### What you are asked to do:
Your task is to copy the stretch of lines in the records below that begins with the line containing "3 Roll Floral Bind Wire (3 Count)" and ends with the line containing "リアライズ今池の物件内観写真", exactly as written, with nothing added.

(Extracted material)

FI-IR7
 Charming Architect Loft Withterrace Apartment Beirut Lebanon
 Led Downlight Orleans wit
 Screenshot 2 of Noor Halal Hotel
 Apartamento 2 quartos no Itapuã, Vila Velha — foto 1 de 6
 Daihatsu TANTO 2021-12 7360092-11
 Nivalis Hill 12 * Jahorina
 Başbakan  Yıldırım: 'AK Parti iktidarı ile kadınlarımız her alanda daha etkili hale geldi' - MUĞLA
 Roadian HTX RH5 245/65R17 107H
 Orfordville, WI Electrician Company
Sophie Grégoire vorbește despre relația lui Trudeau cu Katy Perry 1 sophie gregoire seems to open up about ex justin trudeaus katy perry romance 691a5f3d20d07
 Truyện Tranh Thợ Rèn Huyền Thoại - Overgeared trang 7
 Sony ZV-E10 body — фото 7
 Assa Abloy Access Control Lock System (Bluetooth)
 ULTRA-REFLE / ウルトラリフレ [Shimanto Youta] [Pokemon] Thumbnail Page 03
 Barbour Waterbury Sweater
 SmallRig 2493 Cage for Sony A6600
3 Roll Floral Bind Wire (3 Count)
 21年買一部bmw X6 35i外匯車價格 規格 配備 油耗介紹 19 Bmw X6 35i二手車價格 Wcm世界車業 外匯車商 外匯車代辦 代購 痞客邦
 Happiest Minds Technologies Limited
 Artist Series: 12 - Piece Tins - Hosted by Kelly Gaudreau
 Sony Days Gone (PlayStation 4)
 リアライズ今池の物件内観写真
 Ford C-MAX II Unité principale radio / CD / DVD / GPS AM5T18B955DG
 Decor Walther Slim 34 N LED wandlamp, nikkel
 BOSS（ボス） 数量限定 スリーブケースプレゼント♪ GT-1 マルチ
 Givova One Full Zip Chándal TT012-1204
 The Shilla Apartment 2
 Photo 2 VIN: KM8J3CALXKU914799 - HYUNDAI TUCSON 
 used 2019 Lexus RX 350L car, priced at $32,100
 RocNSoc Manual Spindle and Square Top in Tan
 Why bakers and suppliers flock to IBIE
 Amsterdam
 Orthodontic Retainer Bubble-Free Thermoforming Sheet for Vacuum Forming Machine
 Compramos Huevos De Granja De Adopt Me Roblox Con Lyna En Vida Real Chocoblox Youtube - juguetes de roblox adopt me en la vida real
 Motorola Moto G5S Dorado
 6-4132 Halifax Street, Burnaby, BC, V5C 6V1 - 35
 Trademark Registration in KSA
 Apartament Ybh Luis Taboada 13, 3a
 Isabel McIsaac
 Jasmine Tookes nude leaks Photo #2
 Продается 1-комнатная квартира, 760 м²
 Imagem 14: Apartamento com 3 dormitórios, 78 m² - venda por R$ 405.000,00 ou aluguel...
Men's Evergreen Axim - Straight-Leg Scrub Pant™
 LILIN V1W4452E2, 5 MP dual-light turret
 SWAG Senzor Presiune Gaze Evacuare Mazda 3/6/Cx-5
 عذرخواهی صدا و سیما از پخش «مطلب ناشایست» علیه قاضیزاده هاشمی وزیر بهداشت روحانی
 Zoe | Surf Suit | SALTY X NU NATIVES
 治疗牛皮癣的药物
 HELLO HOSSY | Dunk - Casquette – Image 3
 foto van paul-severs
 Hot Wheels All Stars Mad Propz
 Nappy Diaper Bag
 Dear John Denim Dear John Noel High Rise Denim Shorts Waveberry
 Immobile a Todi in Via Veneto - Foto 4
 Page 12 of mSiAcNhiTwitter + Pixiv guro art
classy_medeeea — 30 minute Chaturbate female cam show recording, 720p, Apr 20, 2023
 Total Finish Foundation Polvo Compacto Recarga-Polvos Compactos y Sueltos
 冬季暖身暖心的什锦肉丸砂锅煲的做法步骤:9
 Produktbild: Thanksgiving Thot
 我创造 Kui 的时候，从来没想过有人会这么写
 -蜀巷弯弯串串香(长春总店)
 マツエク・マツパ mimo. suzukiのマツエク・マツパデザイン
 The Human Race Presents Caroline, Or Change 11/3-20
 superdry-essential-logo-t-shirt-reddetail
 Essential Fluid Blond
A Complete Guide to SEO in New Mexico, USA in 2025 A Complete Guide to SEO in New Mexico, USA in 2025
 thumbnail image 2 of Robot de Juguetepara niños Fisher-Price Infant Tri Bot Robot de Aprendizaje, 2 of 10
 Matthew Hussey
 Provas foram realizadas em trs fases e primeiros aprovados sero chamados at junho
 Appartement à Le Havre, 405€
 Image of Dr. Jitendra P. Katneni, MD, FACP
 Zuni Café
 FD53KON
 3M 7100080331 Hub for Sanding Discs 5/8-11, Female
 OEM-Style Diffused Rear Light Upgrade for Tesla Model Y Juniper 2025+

(End Extracted material)

### Task answer:
3 Roll Floral Bind Wire (3 Count)
 21年買一部bmw X6 35i外匯車價格 規格 配備 油耗介紹 19 Bmw X6 35i二手車價格 Wcm世界車業 外匯車商 外匯車代辦 代購 痞客邦
 Happiest Minds Technologies Limited
 Artist Series: 12 - Piece Tins - Hosted by Kelly Gaudreau
 Sony Days Gone (PlayStation 4)
 リアライズ今池の物件内観写真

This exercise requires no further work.